Let's see what happens when there's no leftover profit:

LLC Taxed as... S Corporation Partnership
Earnings before member’s pay $400,000 $400,000
Member salaries $400,000 ($200,000 per member) n/a
Member distributions $0 ($400,000 - $400,000) n/a
Amount subject to payroll tax $400,000 $400,000
Amount not subject to payroll tax $0 $0

The S corporation tax classification benefits businesses that earn significantly more than their owners' salaries. Businesses that are closer to the break-even point are better off sticking with the standard LLC tax designation. (Whew. I know — we're almost done!)

Additional taxes for LLCs

In most states, LLCs and their owners pay tax just like any other company or person would. Pass-through businesses pay no tax, but their owners will pay tax on their share of their business earnings.

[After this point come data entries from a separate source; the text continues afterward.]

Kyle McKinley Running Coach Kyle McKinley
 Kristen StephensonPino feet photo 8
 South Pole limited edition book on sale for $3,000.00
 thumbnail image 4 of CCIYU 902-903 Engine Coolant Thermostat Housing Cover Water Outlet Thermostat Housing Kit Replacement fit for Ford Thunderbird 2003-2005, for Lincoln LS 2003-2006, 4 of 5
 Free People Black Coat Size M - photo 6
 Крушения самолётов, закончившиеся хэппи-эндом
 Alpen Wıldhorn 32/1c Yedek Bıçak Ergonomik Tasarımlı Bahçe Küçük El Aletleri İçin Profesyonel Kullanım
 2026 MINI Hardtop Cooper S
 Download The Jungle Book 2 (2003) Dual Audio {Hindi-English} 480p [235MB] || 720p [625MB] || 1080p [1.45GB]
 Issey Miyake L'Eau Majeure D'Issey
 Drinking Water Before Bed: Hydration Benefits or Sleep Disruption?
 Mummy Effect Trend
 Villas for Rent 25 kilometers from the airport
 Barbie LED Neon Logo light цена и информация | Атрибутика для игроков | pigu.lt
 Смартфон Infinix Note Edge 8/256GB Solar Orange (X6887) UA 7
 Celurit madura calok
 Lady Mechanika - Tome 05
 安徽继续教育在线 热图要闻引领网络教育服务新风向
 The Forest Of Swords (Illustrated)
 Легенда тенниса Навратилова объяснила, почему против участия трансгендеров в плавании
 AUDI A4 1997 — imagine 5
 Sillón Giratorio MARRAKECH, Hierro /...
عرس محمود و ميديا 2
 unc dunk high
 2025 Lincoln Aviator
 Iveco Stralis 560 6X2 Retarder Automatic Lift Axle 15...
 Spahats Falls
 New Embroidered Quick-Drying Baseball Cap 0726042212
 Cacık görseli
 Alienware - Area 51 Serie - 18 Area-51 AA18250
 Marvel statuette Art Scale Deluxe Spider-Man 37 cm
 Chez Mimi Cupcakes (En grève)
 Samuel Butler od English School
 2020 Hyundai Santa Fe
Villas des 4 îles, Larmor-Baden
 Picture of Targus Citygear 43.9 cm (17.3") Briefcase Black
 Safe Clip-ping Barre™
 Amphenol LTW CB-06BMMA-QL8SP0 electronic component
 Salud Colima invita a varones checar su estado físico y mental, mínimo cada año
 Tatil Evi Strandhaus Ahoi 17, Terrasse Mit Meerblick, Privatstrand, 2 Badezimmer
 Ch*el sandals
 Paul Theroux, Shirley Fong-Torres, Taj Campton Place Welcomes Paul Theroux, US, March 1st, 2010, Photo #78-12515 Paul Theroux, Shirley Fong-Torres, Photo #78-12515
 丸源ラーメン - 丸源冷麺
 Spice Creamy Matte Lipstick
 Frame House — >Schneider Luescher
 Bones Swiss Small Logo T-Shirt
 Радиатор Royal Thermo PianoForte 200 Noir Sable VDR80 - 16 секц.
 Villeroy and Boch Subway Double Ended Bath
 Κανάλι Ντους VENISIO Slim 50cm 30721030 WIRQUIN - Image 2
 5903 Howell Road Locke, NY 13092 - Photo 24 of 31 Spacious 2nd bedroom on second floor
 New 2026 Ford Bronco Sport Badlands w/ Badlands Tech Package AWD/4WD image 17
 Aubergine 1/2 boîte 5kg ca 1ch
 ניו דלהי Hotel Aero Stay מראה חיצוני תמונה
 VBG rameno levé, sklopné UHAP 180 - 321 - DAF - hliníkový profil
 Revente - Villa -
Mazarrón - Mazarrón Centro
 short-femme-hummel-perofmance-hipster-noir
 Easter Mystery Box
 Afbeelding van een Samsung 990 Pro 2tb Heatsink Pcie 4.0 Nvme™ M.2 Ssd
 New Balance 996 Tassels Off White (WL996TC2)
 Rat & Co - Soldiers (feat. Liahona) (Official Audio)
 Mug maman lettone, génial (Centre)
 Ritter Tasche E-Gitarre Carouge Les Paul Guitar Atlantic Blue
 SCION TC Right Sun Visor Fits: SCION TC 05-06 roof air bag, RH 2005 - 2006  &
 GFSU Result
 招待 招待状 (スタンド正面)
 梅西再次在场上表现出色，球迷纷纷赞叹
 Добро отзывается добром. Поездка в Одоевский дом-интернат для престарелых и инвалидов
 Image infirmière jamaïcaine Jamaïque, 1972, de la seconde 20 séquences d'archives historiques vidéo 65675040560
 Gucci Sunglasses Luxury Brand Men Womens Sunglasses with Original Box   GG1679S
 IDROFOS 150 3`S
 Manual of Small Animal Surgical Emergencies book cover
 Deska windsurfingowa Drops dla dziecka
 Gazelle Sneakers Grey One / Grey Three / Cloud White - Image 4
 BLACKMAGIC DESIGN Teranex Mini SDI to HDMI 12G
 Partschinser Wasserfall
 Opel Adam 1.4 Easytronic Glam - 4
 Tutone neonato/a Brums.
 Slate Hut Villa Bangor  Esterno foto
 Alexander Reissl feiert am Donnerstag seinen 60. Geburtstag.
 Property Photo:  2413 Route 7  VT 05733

Some states charge a special tax on LLCs that earn more than a certain amount in net income, and a slew of states make LLCs pay an annual fee, usually less than $1,000.

Before you create an LLC for your side business, take a look at your state's rules on LLCs, because these taxes and fees might sink your profit.

Run the numbers

When choosing the right tax designation for your LLC, look to your past earnings and calculate your tax liabilities under each classification. Review your business budget for next year and run the same calculation.

Your LLC's tax designation determines your small business bookkeeping practices. If you make a change, consult an accountant to get your books back on track.